*** Material provided Section Begins ***

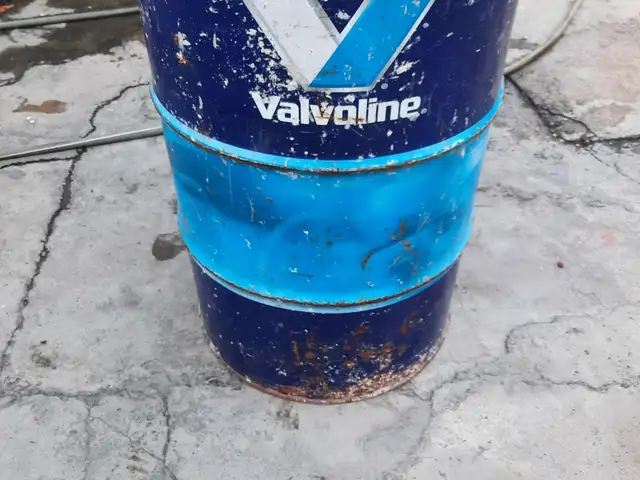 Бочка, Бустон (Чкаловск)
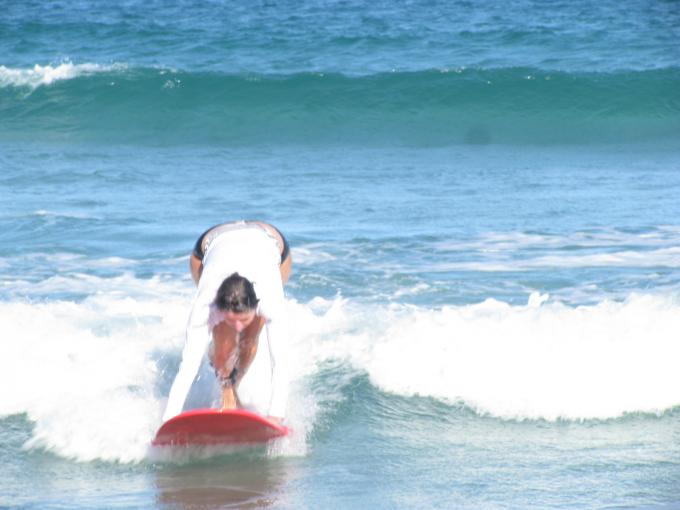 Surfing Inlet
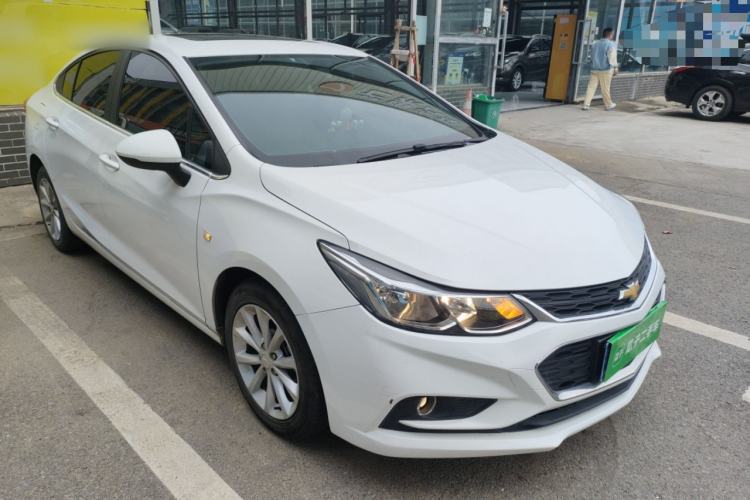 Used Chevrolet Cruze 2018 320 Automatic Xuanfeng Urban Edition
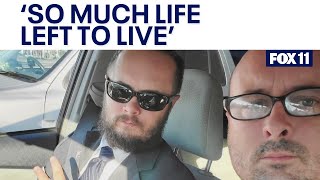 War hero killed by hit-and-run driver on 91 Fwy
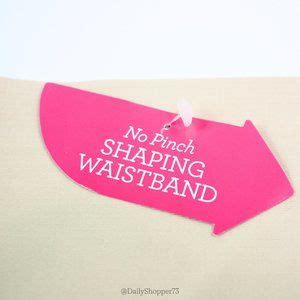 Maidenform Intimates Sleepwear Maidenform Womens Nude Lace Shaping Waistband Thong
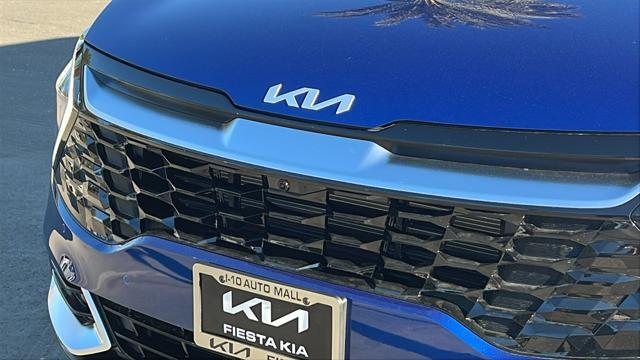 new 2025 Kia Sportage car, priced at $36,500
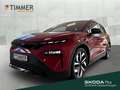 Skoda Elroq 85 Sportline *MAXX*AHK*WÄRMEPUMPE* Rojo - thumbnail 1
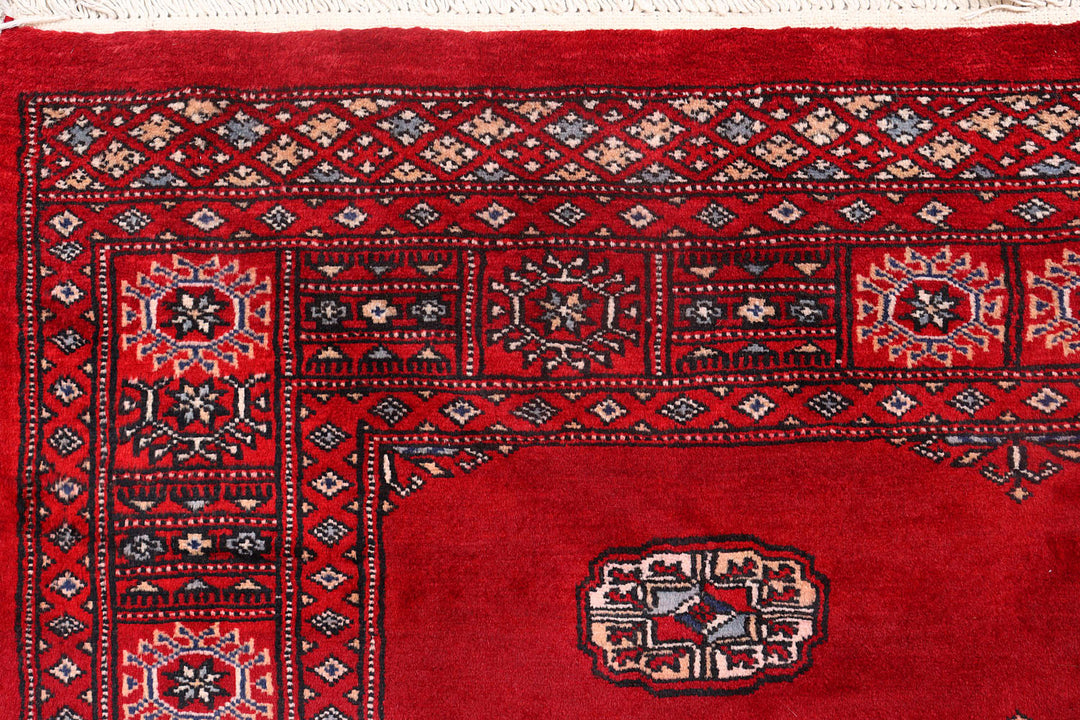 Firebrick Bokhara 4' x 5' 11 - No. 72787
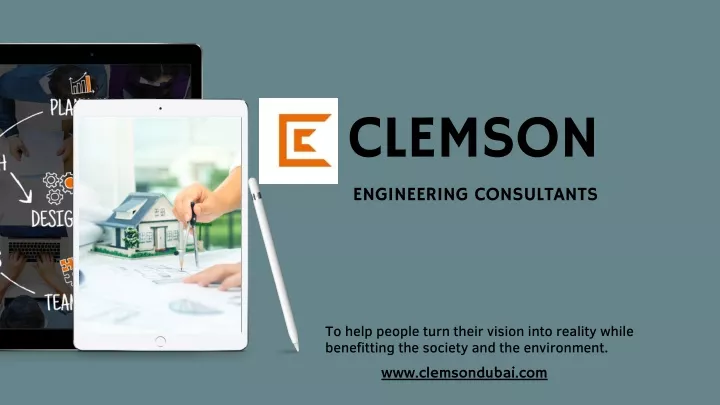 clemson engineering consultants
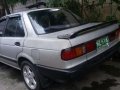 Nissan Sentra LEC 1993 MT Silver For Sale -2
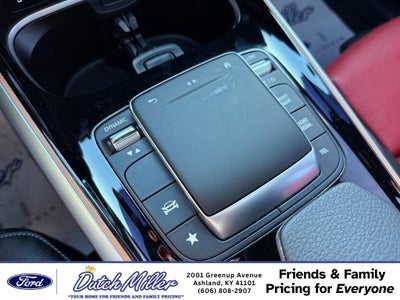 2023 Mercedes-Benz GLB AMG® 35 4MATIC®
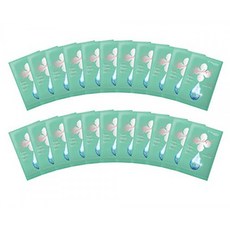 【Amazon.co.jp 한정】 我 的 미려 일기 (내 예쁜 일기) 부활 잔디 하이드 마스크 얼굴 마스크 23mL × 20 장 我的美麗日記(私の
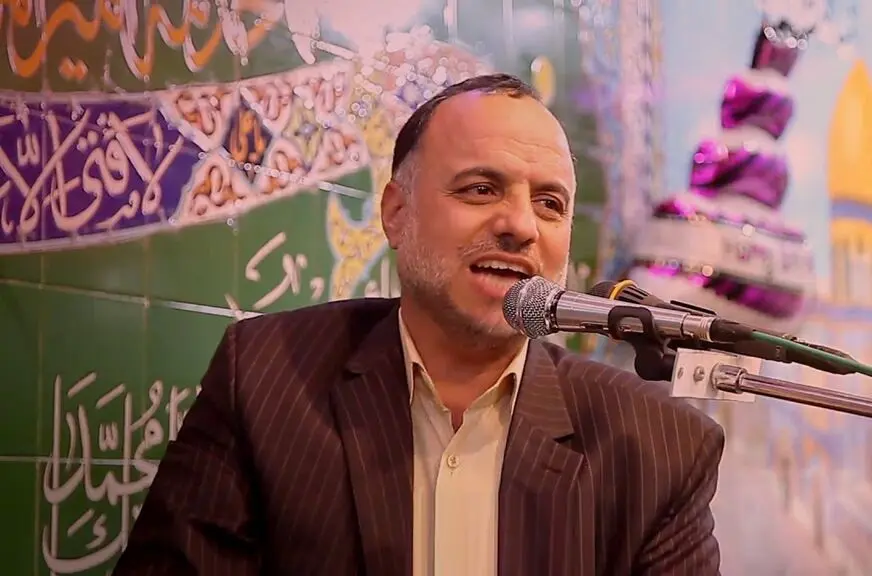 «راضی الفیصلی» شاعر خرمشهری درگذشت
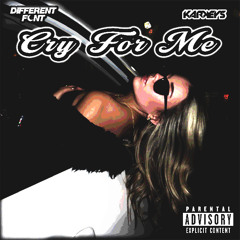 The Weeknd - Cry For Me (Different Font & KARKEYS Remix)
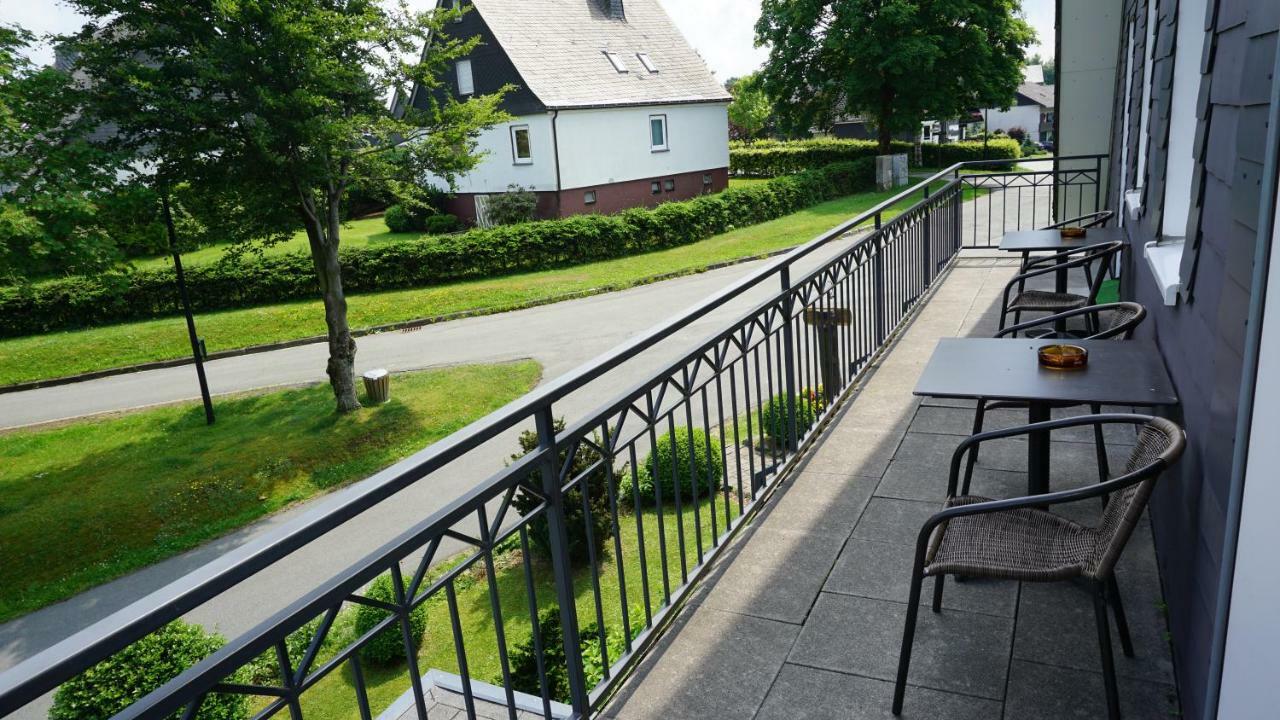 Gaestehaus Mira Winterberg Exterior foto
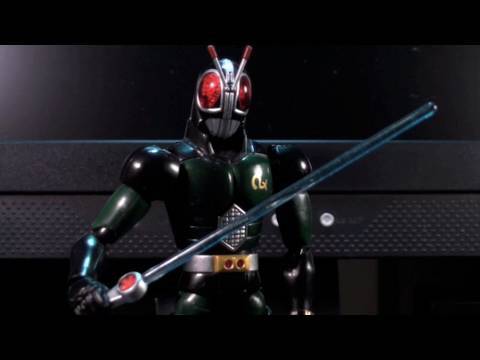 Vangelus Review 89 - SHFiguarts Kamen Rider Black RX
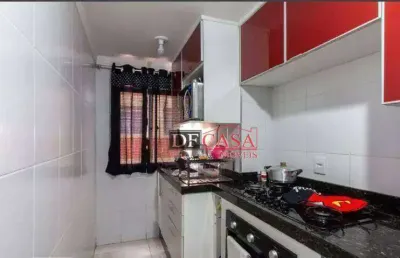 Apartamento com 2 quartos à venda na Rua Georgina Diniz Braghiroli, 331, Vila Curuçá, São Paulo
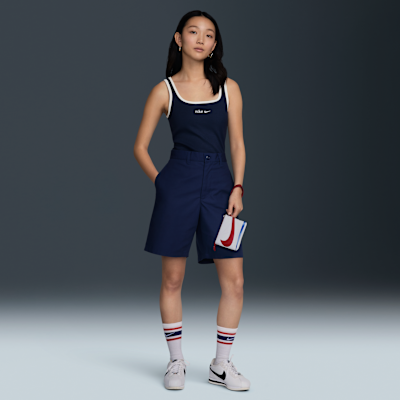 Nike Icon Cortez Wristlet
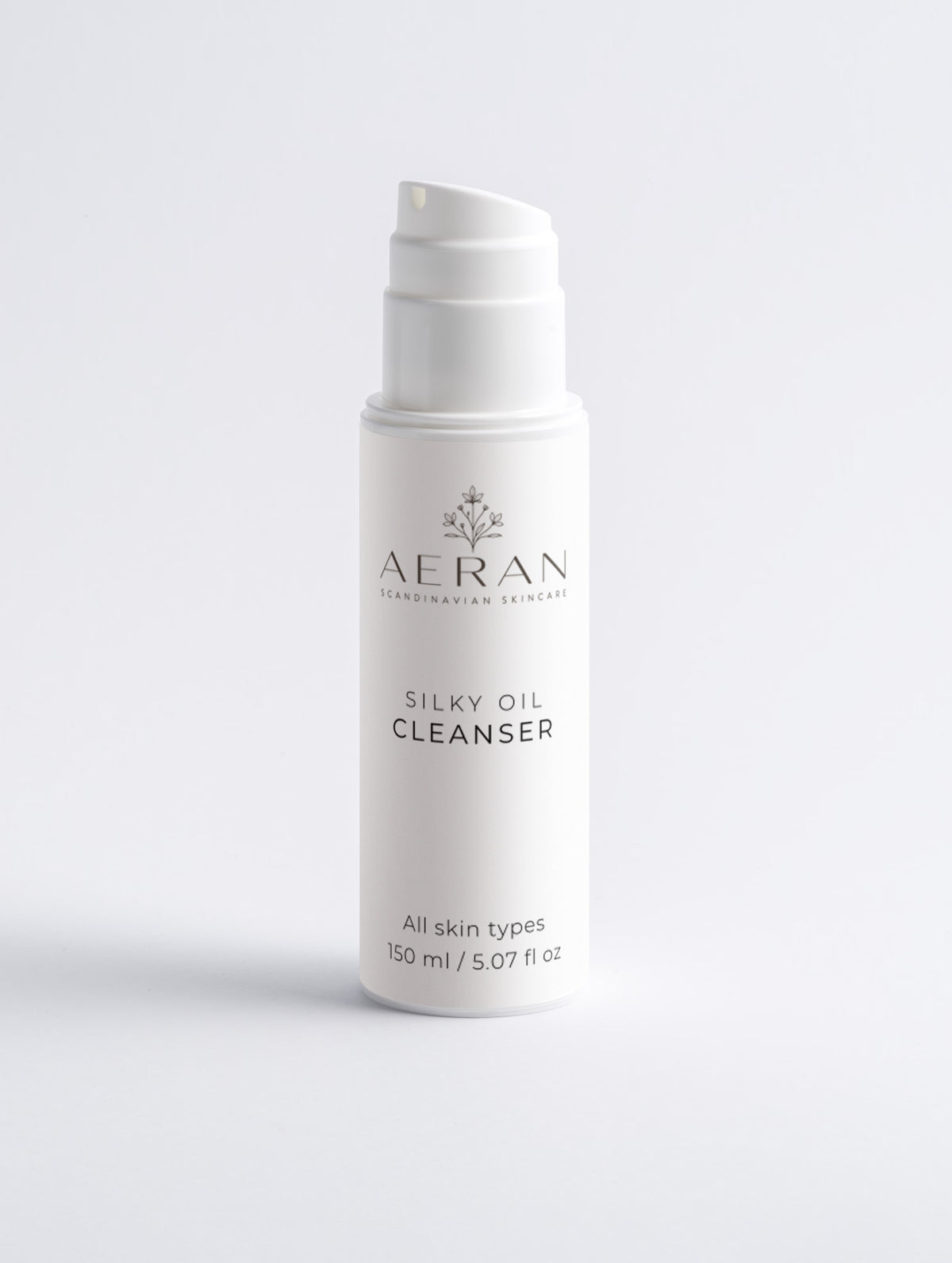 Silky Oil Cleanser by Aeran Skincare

*** Material provided Section Ends ***

- **Exercise objective**: No pictures should appear in the answer, which is to be the lines from the line with "clemson engineering consultants" through the end of the records above, restated exactly.

- **Finished task**:
 clemson engineering consultants
 Nissan Sentra LEC 1993 MT Silver For Sale -2
 2023 Mercedes-Benz GLB AMG® 35 4MATIC®
 【Amazon.co.jp 한정】 我 的 미려 일기 (내 예쁜 일기) 부활 잔디 하이드 마스크 얼굴 마스크 23mL × 20 장 我的美麗日記(私の
 «راضی الفیصلی» شاعر خرمشهری درگذشت
 The Weeknd - Cry For Me (Different Font & KARKEYS Remix)
 Gaestehaus Mira Winterberg Exterior foto
 Vangelus Review 89 - SHFiguarts Kamen Rider Black RX
 Apartamento com 2 quartos à venda na Rua Georgina Diniz Braghiroli, 331, Vila Curuçá, São Paulo
 Nike Icon Cortez Wristlet
 Silky Oil Cleanser by Aeran Skincare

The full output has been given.